> EXERCISE BRIEF
Leave out the pictures, and copy exactly the lines from the line with "Ghislaine Maxwell feet photo thumbnail" through the last line of the data below.
Segment Start: THE INPUT
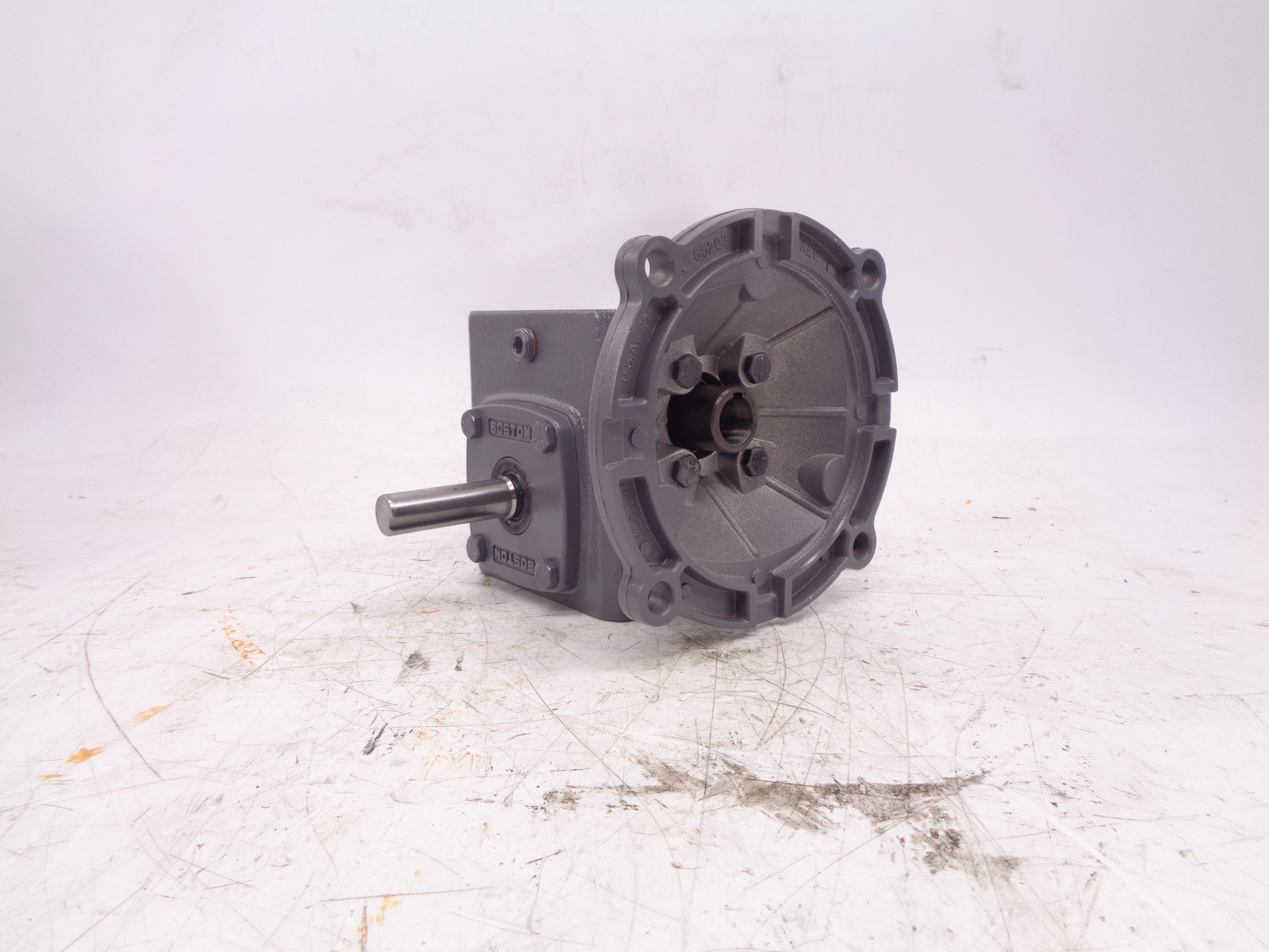BOSTON GEAR F713-30-B5-G NSMP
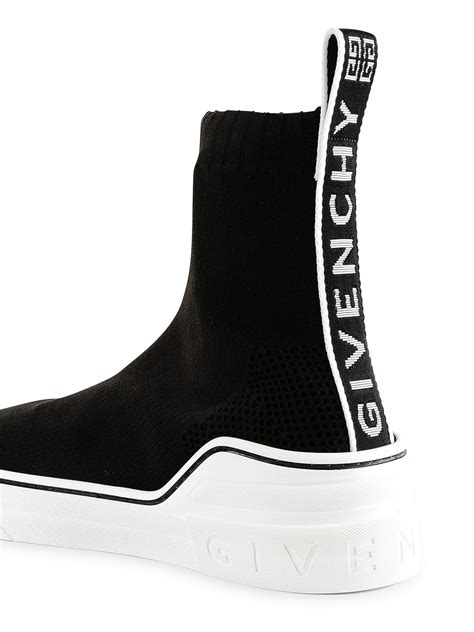 givenchy george v sizing|Shop Givenchy George V Sock Sneakers .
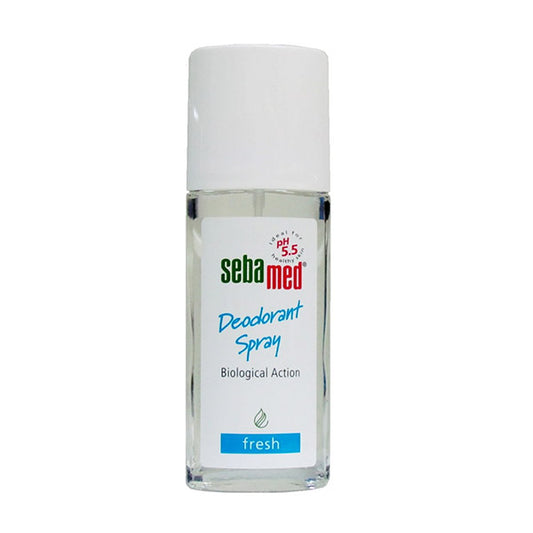 Sebamed Fresh Roll-On Deodorant 50Ml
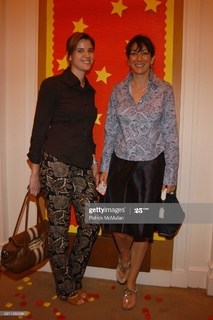 Ghislaine Maxwell feet photo thumbnail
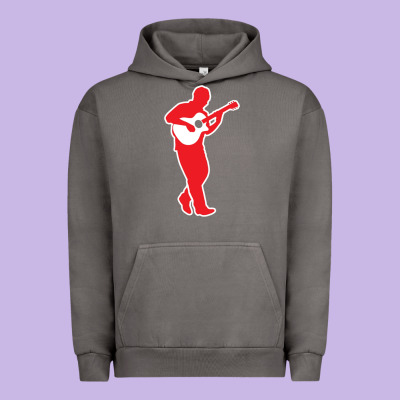 Dave Matthews ( Dmb ) Urban Hoodie Designed By Artisfamous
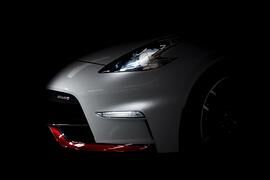 Nissan 370Z Nismo - Facelift im zweiten Jahr
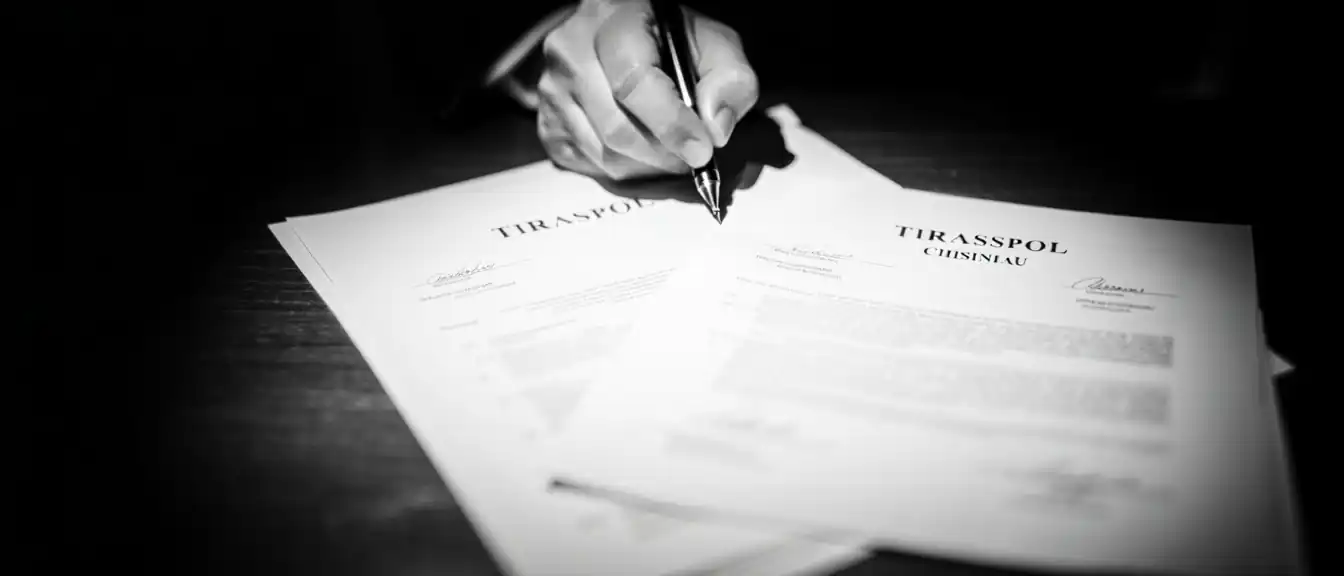 Дипломаты Тирасполя обвинили Кишинев в использовании налоговых инструментов для политического давления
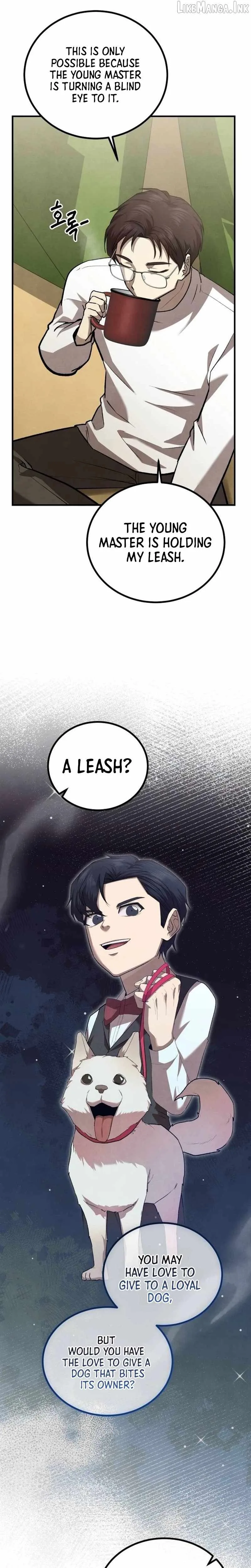 Turns Out, It’s the 3rd Generation of the Chaebol Chapter 19 page 10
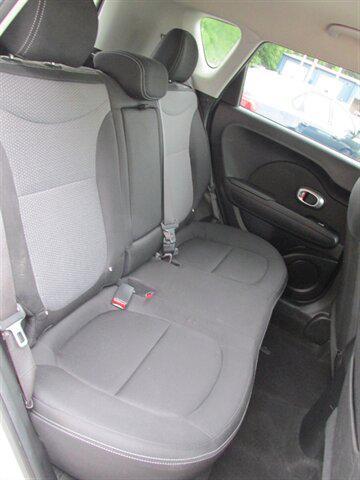 used 2019 Kia Soul car, priced at $10,850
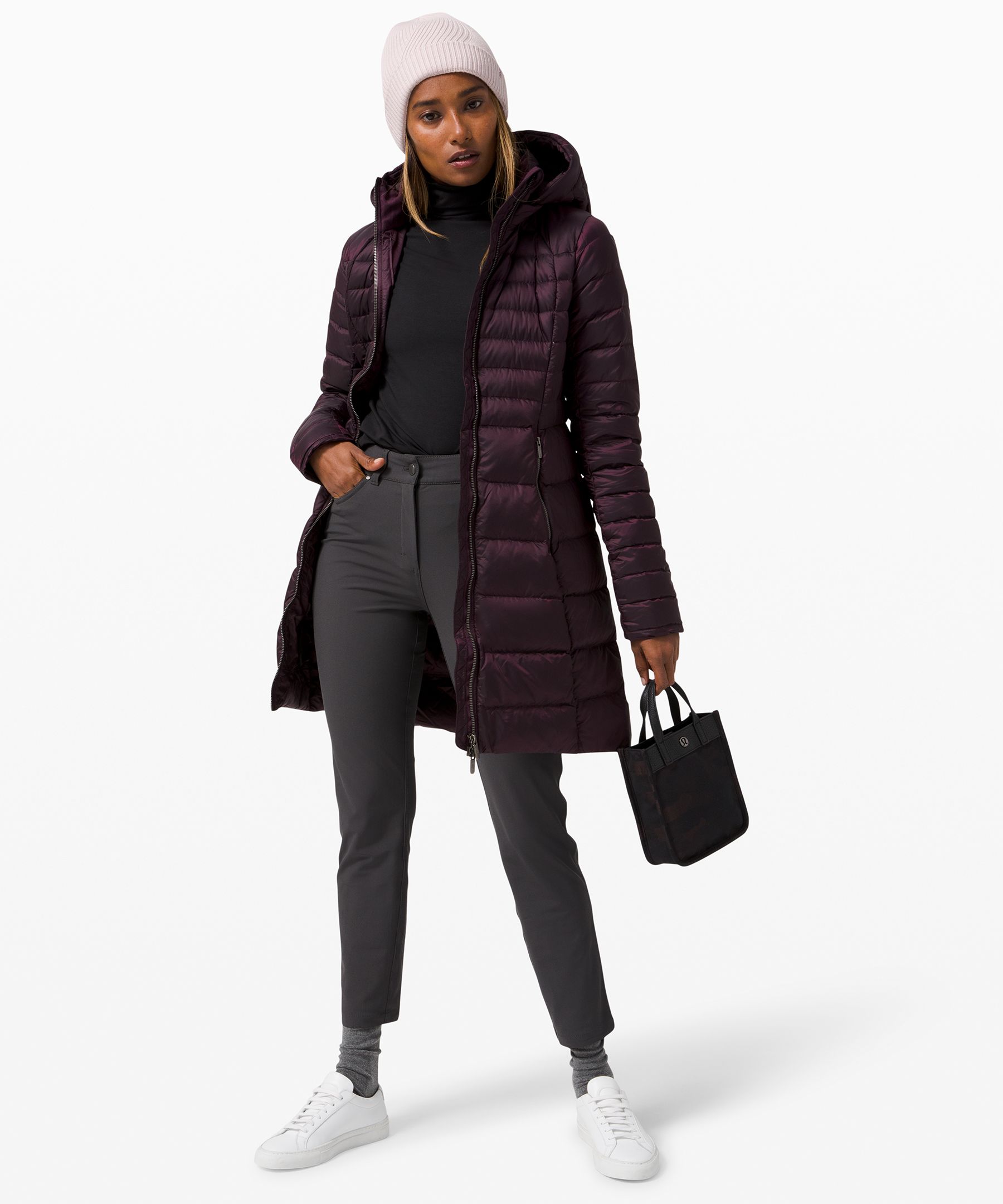 Photo of Brave The Cold Jacket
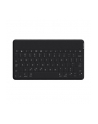 Logitech Keys to go - Bluetooth Keyboard - black - nr 5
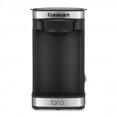thumbnail image 1 of Cuisinart BRU Cafetière à Portion Individuelle, Acier Inoxydable, 1 of 1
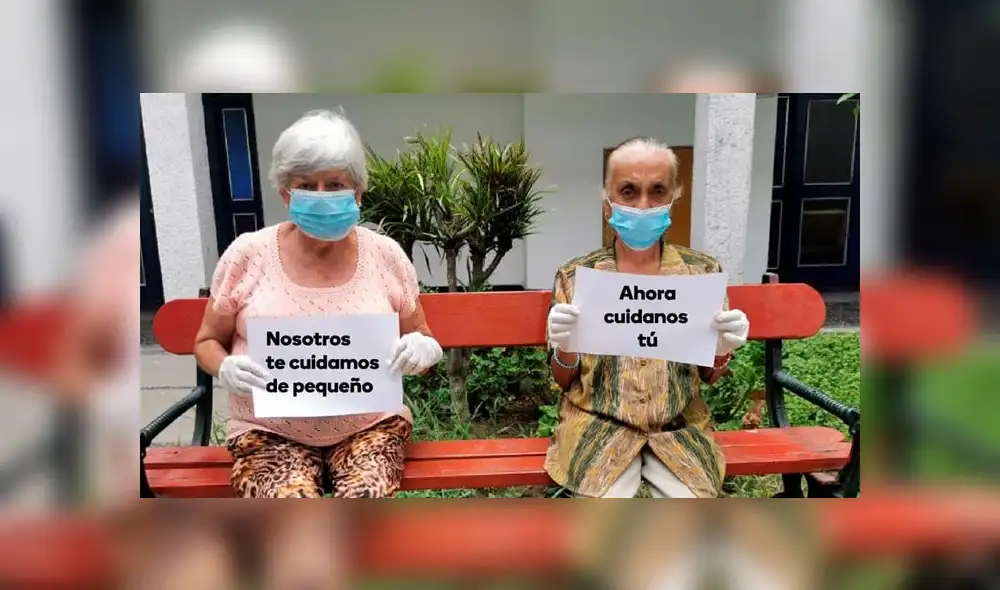 Casas Hogar Canevaro y San Vicente. Créditos: Cortesía. Casas Hogar Canevaro y San Vicente. Créditos: Cortesía.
Segment End: THE INPUT
> OUTPUT FOR THIS TASK
 Ghislaine Maxwell feet photo thumbnail
 Dave Matthews ( Dmb ) Urban Hoodie Designed By Artisfamous
 Nissan 370Z Nismo - Facelift im zweiten Jahr
 Дипломаты Тирасполя обвинили Кишинев в использовании налоговых инструментов для политического давления
 Turns Out, It’s the 3rd Generation of the Chaebol Chapter 19 page 10
 used 2019 Kia Soul car, priced at $10,850
 Photo of Brave The Cold Jacket
 Logitech Keys to go - Bluetooth Keyboard - black - nr 5
thumbnail image 1 of Cuisinart BRU Cafetière à Portion Individuelle, Acier Inoxydable, 1 of 1
 Casas Hogar Canevaro y San Vicente. Créditos: Cortesía. Casas Hogar Canevaro y San Vicente. Créditos: Cortesía.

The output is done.